TASK TO CARRY OUT:
Please produce an exact transcription of the lines from the one containing "Short Sleeve High Neck Button Detail Jumper" through the last line of the entries, leaving out every picture.

MATERIAL PROVIDED:
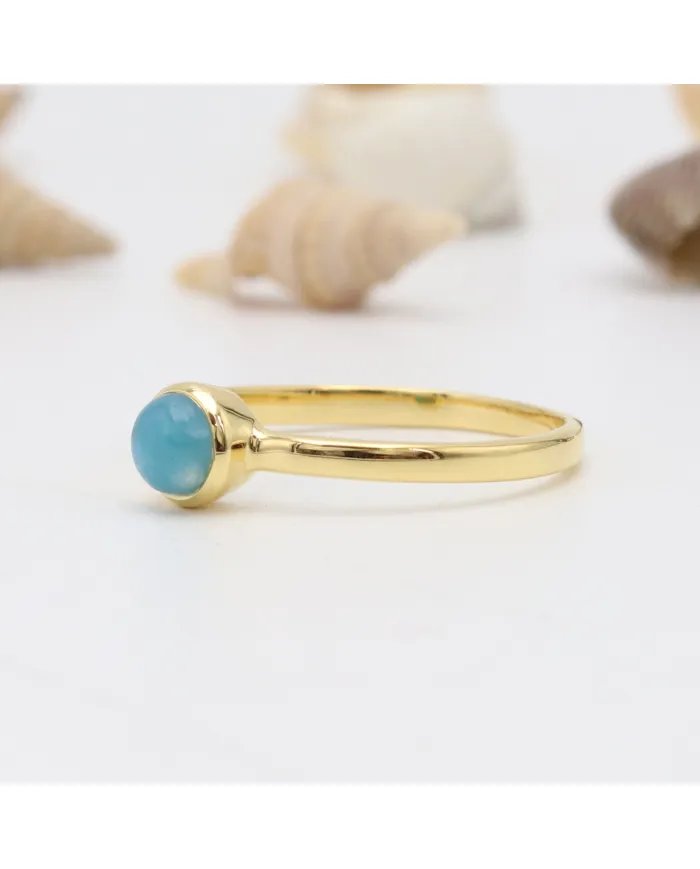 Ocean Beauty Larimar Ring - 925 Silver Gold Plated Minimalist Jewelry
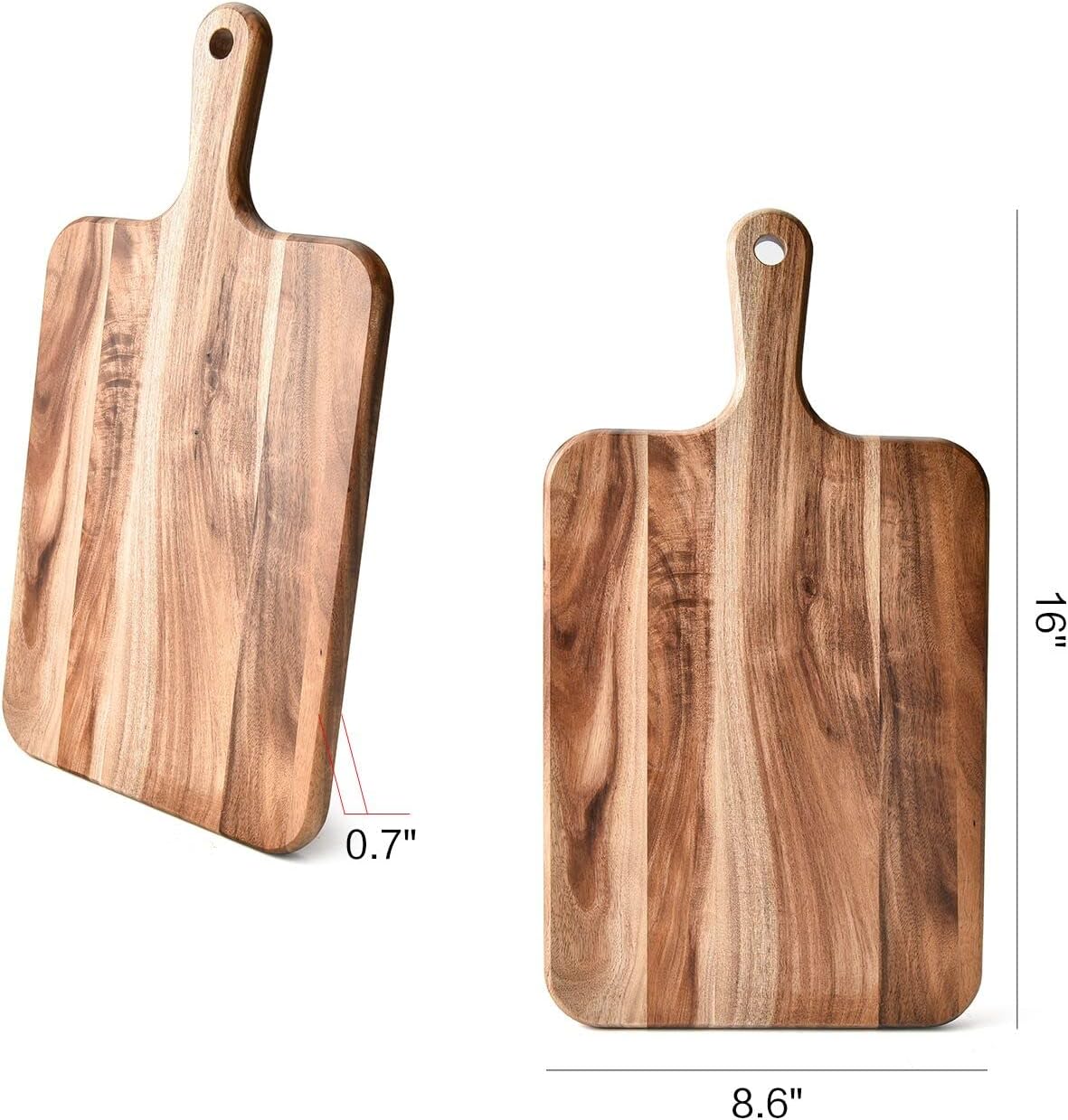Acacia Wood Cutting Board - Wooden Kitchen Cutting Board for Meat, Cheese, Bread,Vegetables &Fruits- Charcuterie Board Cheese Serving Board with Handle,16" x 8.6”
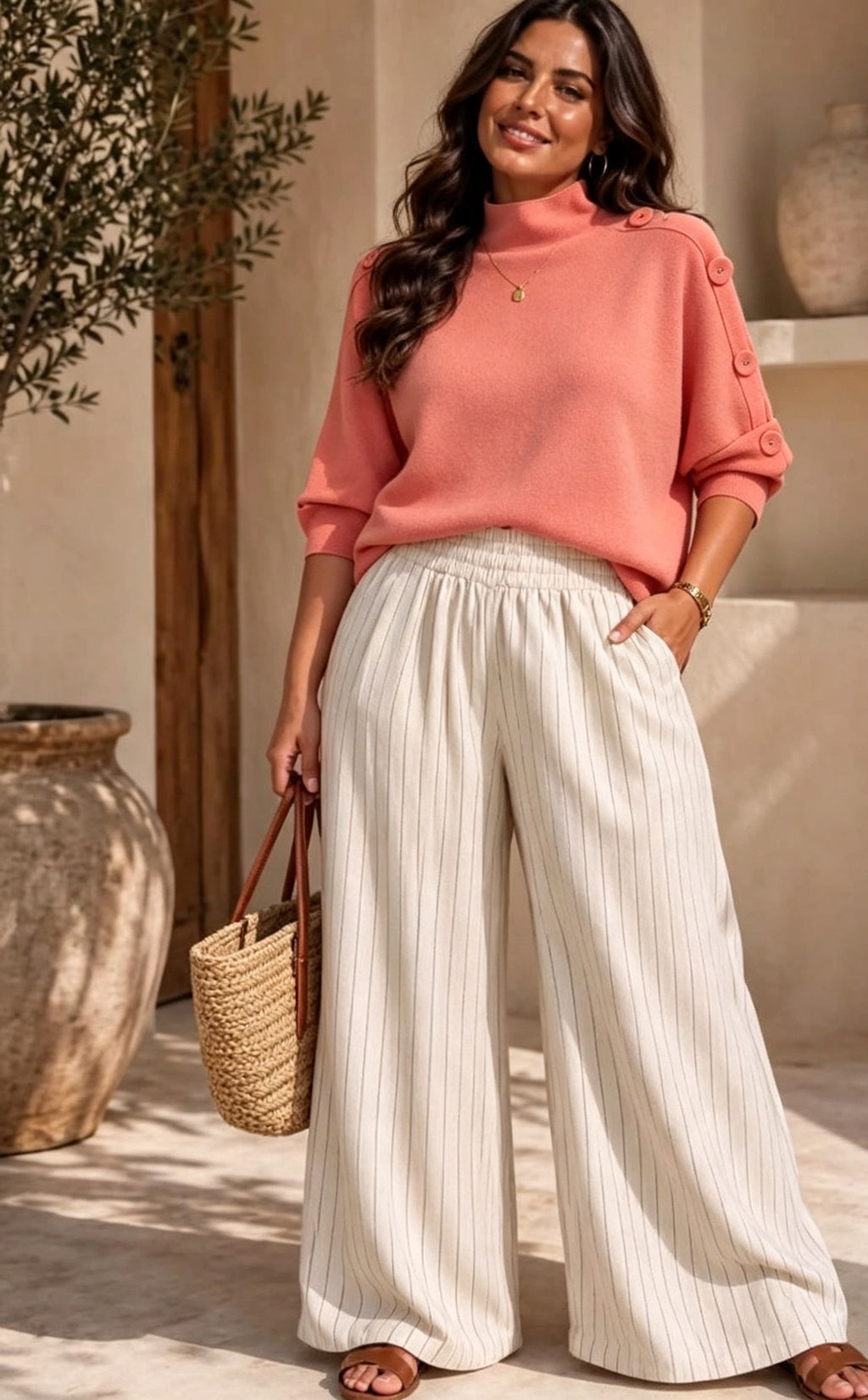 Short Sleeve High Neck Button Detail Jumper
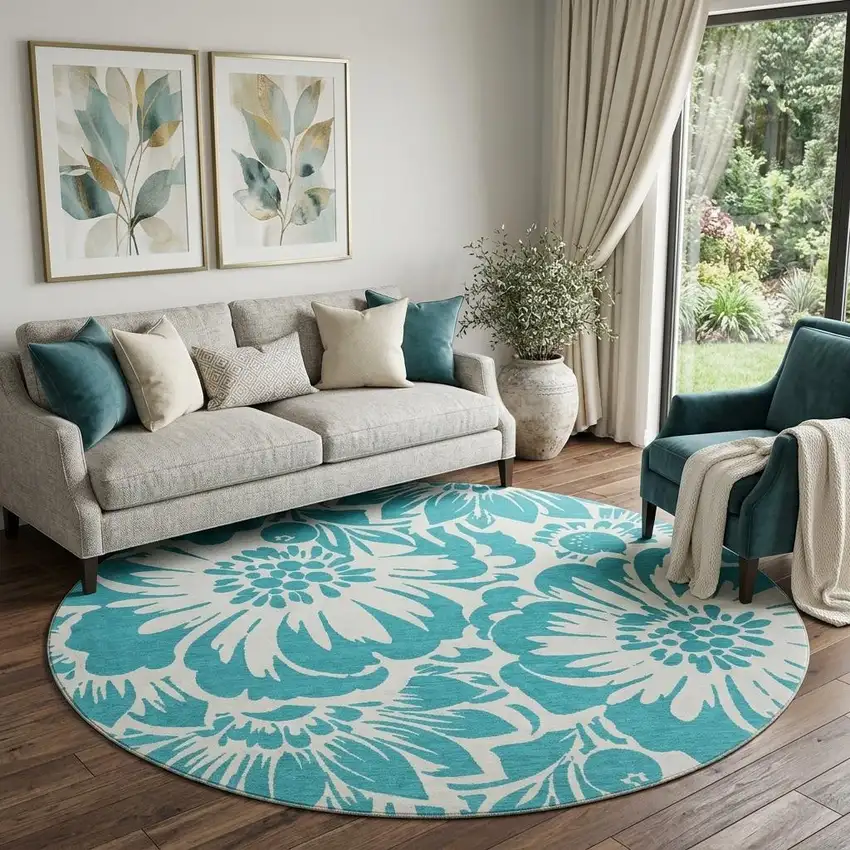 8' Teal And Ivory Floral Washable Round Rug With UV Protection Photo 1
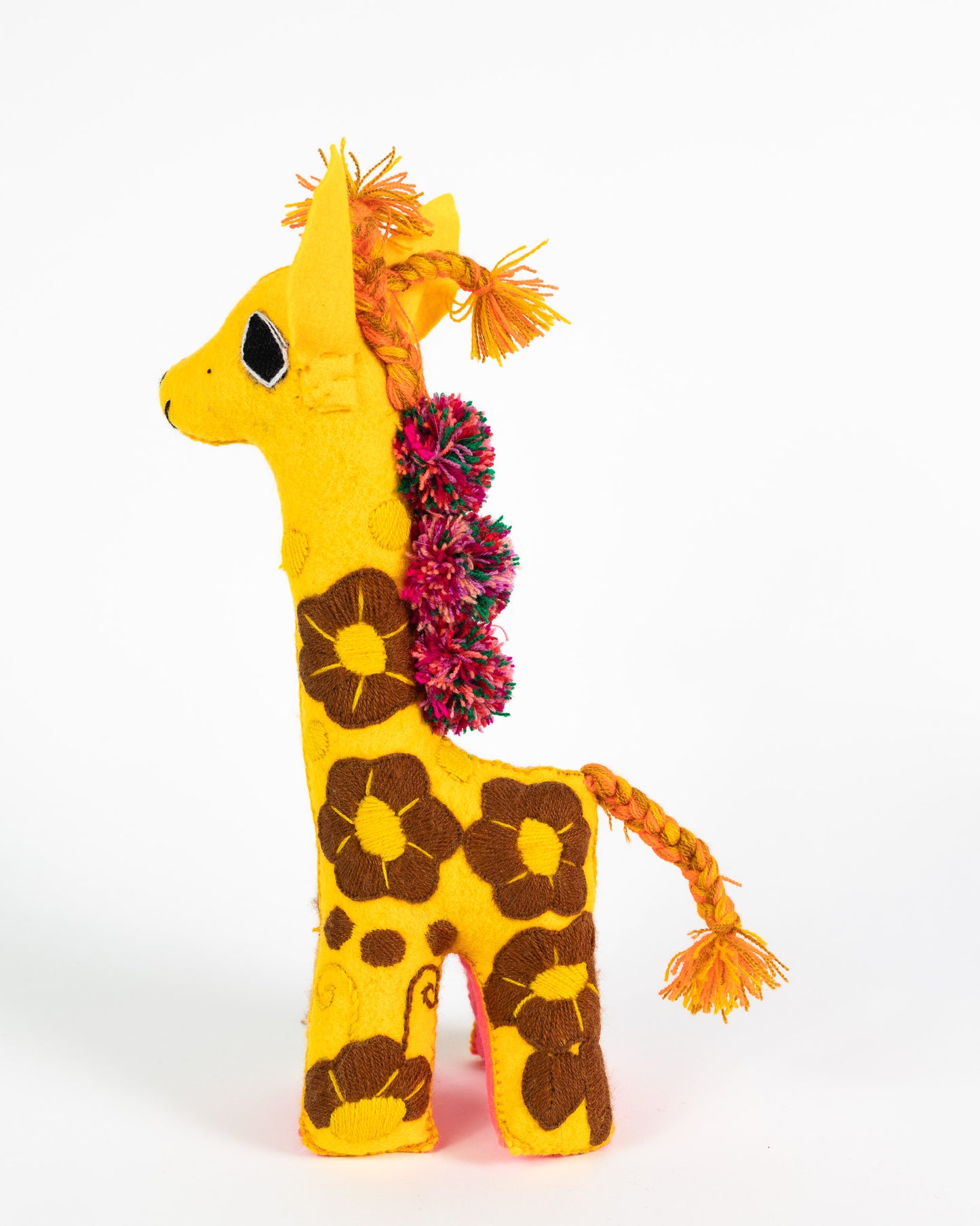 Golden Handmade Plush Stuffed Giraffe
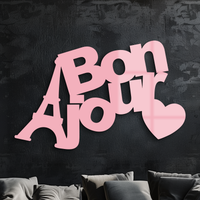 Pink Bonjour Eiffel Tower Metal Wall Art – Paris-Inspired Romantic Decor - KAFGP009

RESPONSE TO THE EXERCISE:
 Short Sleeve High Neck Button Detail Jumper
 8' Teal And Ivory Floral Washable Round Rug With UV Protection Photo 1
 Golden Handmade Plush Stuffed Giraffe
 Pink Bonjour Eiffel Tower Metal Wall Art – Paris-Inspired Romantic Decor - KAFGP009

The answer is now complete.